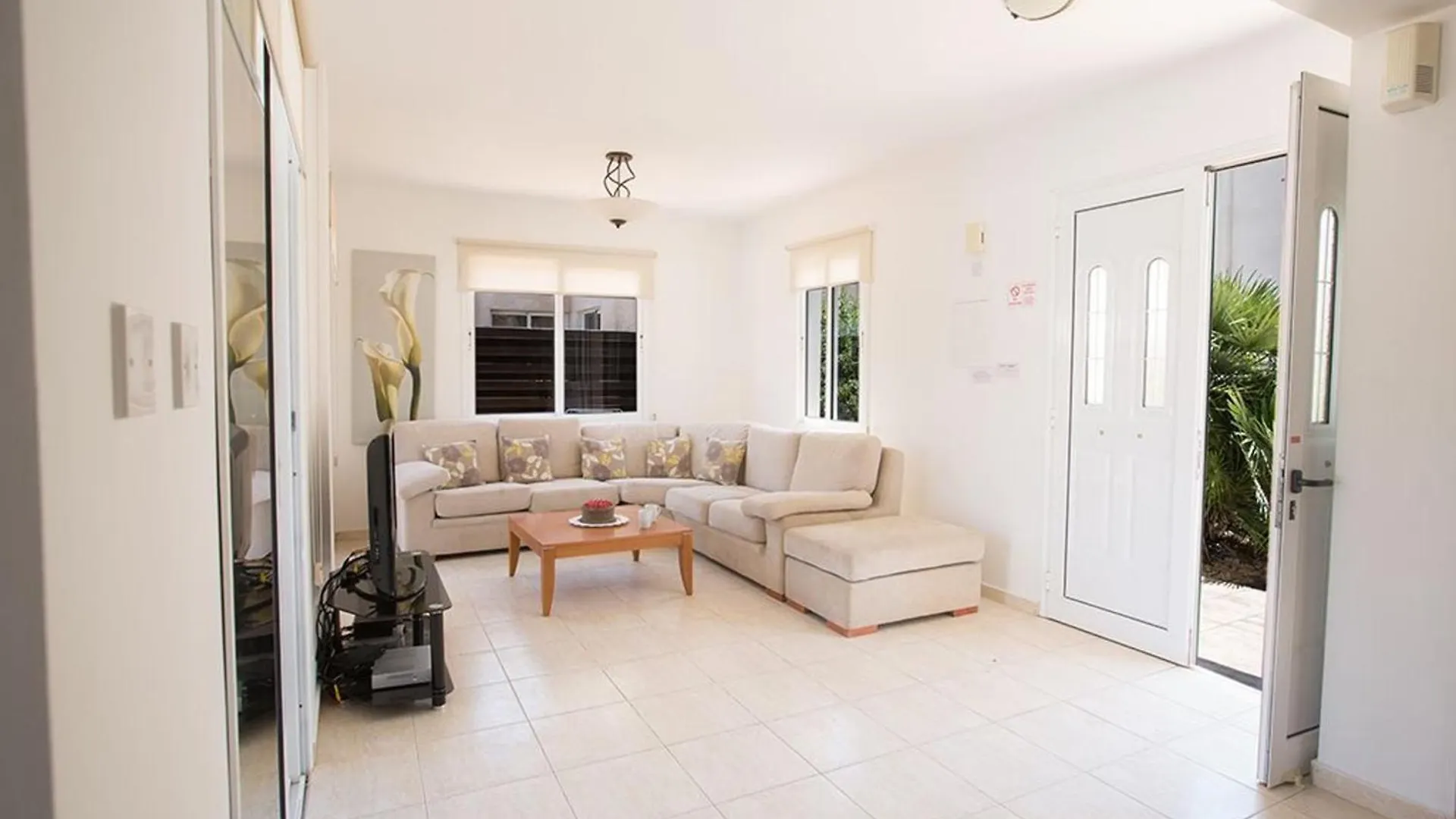 Villa Protaras Eos, Modern 3Bdr Protaras Villa With Pool, Short Walk To All Beachresort Centre Cipro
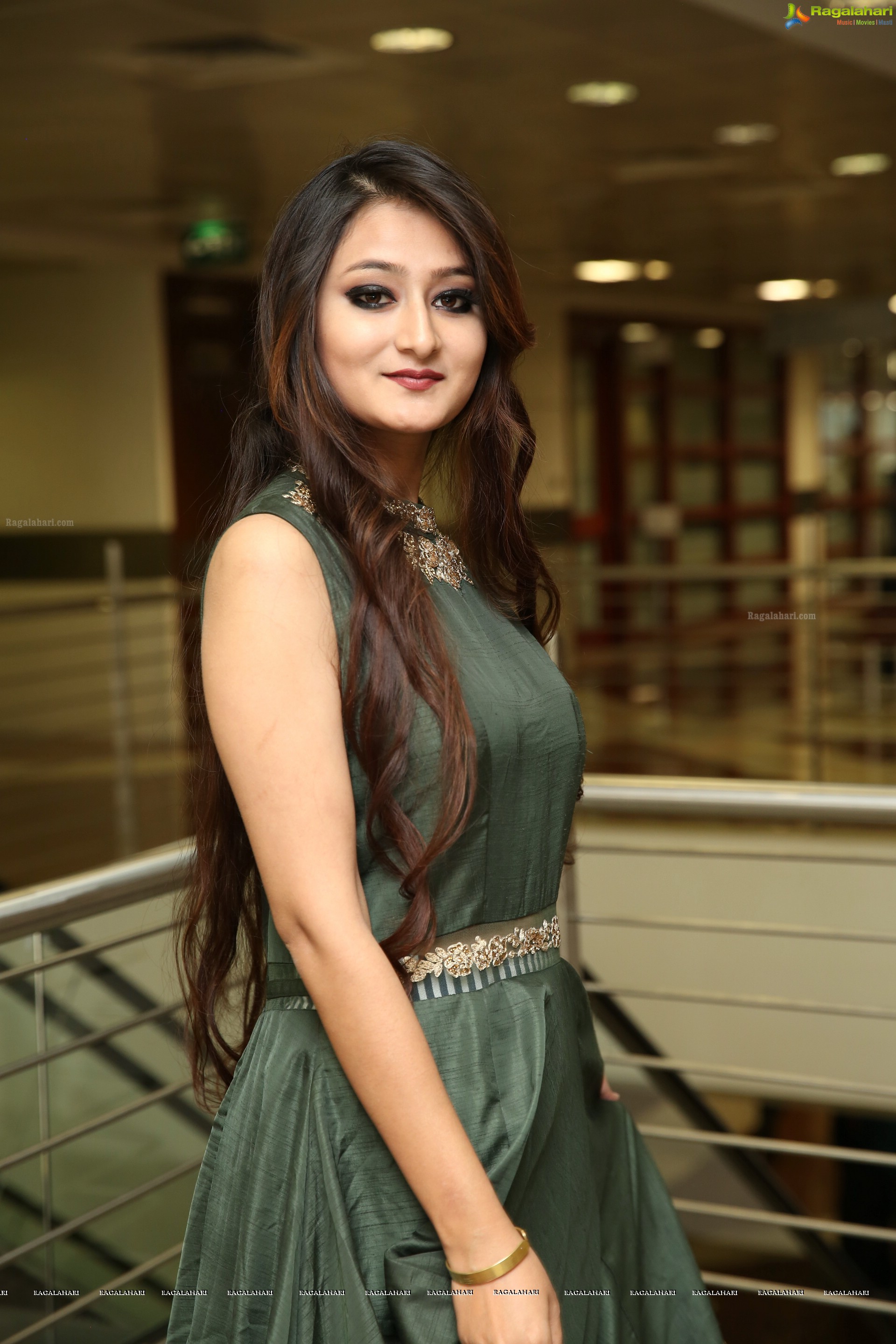 Nilofer Haidry @ Hi-Life Hi-End Fashion Show & Grand Curtain Raiser - HD Gallery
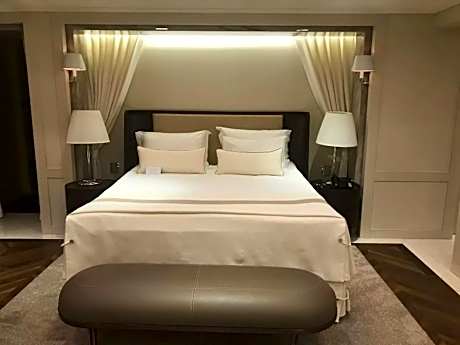 Loft Suites with Terrace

######

> **DESCRIPTION OF THE TASK**: Take the preceding listing and transcribe it exactly, skipping the pictures.

> **PROBLEM SOLUTION**:
 Villa Protaras Eos, Modern 3Bdr Protaras Villa With Pool, Short Walk To All Beachresort Centre Cipro
 Nilofer Haidry @ Hi-Life Hi-End Fashion Show & Grand Curtain Raiser - HD Gallery
 Loft Suites with Terrace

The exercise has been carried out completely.